#### Goal of the exercise
Transcribe exactly, and without pictures, only the lines from the one bearing "凌晨起火，40余辆电动自行车被烧毁！" through the final line of the data below.

#### Supplied material
● ● ●

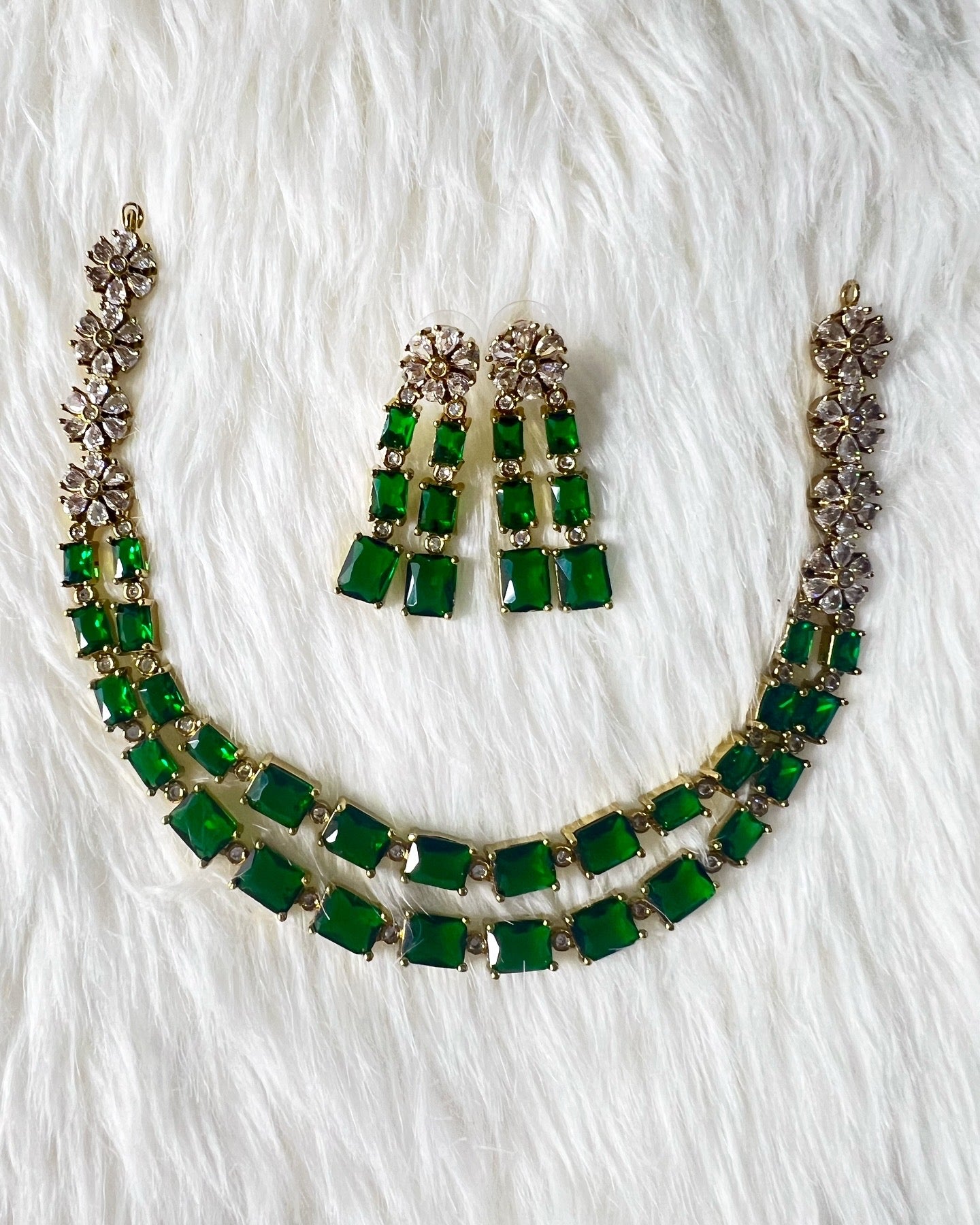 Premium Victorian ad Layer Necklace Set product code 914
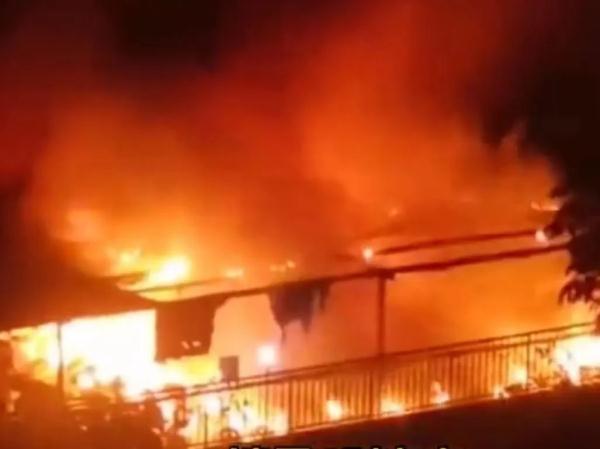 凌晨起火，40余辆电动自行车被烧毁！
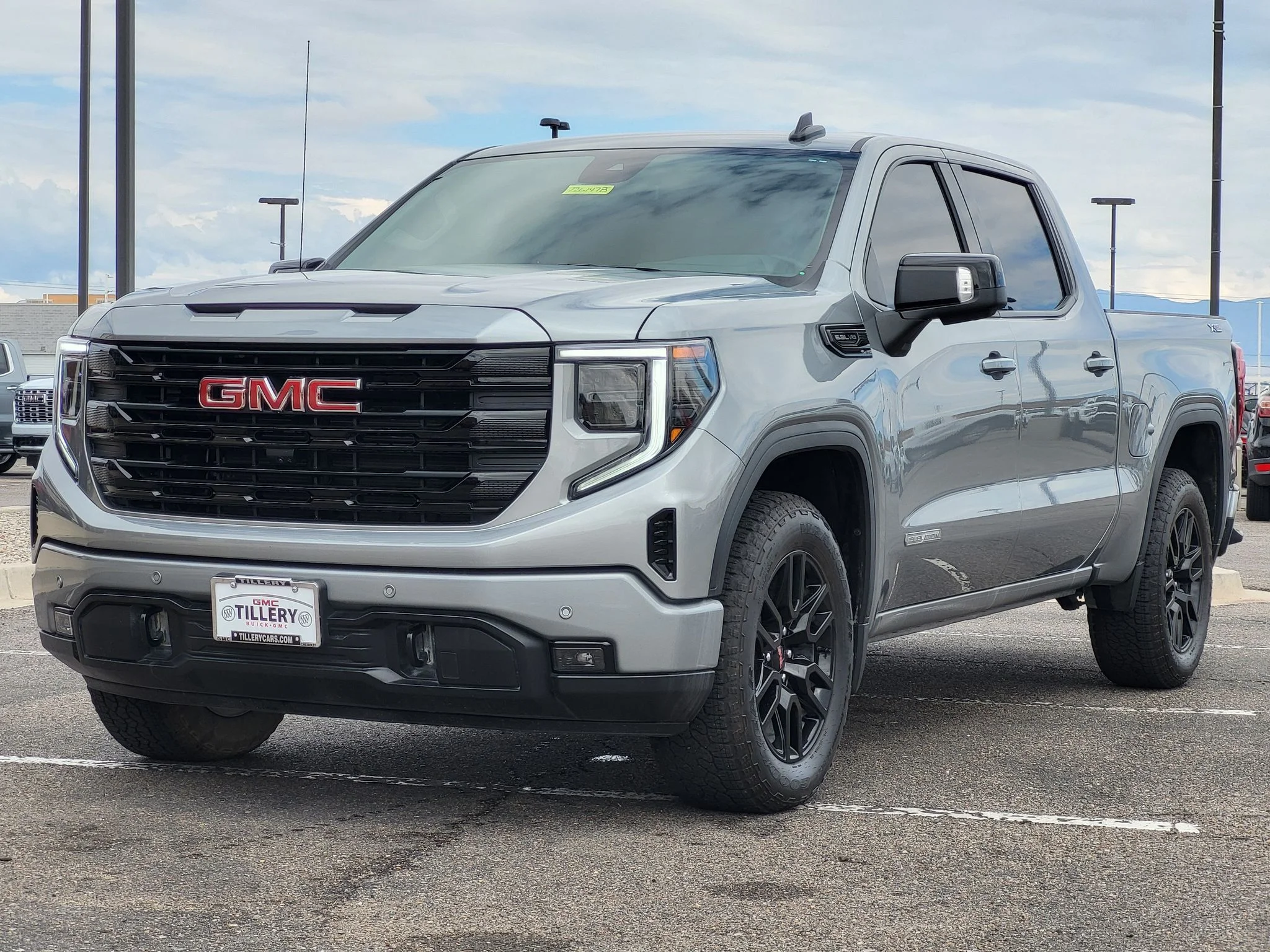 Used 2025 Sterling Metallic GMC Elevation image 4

● ● ●

#### Solution
 凌晨起火，40余辆电动自行车被烧毁！
 Used 2025 Sterling Metallic GMC Elevation image 4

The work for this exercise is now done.